Instytut Meteorologii i Gospodarki Wodnej wydał ostrzeżenia przed intensywnymi opadami deszczu dla części Podkarpacia. Skąd się wzięły tak obfite opady w tym regionie?
- To jedna z fal genueńskich, a dokładnie zafalowanie na wielkim froncie chłodnym, który rozciąga się nad Europą - od północno-zachodniej Rosji, przez Karpaty i Bałkany, po wybrzeże północnej Afryki. Na tym froncie powstały dwie fale deszczowe, wtórne niże, nad północnym Włochami. Teraz wędrują w kierunku północno-wschodnim - przekazała synoptyk tvnmeteo.pl Arleta Unton-Pyziołek. Dodała, że wcześniej deszcze zahaczyły o Sudety, gdzie spadło w sumie przez tydzień ponad 40 litrów na metr kwadratowy. - Teraz jedna fala genueńska zatrzymała się nad Karpatami z ulewami - tłumaczyła synoptyk. Stąd w ciągu doby może spaść deszcz o natężeniu do 50-70 l/mkw. na krańcach południowo-wschodnich kraju, głównie w Bieszczadach.

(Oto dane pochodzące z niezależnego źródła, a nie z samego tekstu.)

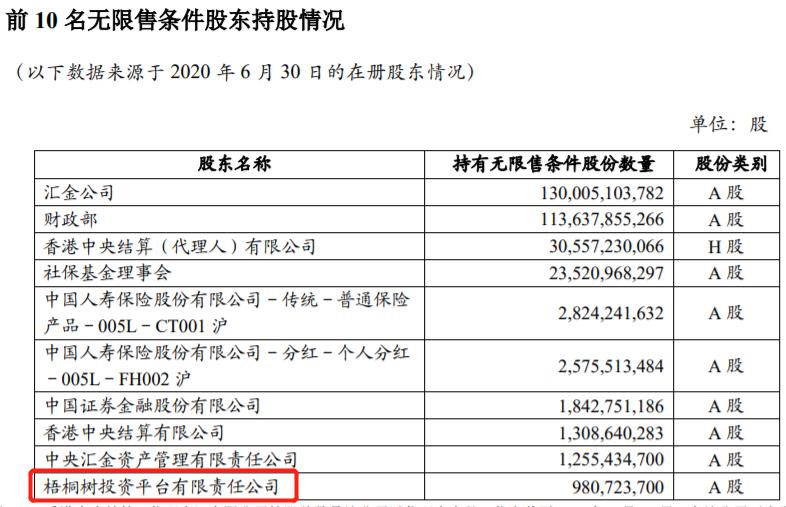 股市国家队三大主力,一图看懂十大游资排名
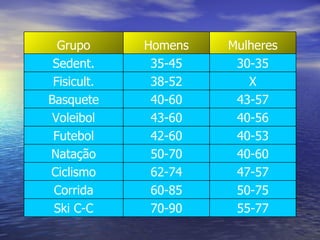 55-77 70-90 Ski C-C 50-75 60-85 Corrida 47-57 62-74 Ciclismo 40-60 50-70 Natação 40-53 42-60 Futebol 40-56 43-60 Voleibol 43-57 40-60 Basquete X 38-52 Fisicult. 30-35 35-45 Sedent. Mulheres Homens Grupo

"Wtórne niże genueńskie o nas zahaczą"
Z prognozy wynika, że w nocy w rejonie Karpat, na Podkarpaciu i Lubelszczyźnie może spaść do 20-30 l/mkw., ale lokalne wzdłuż granicy, w pasie szczytów, w tym Tatrach, deszczu może być więcej.
- To właśnie te wtórne niże genueńskie o nas zahaczą. Przyniosły ulewy w Alpach - przekazała Arleta Unton-Pyziołek.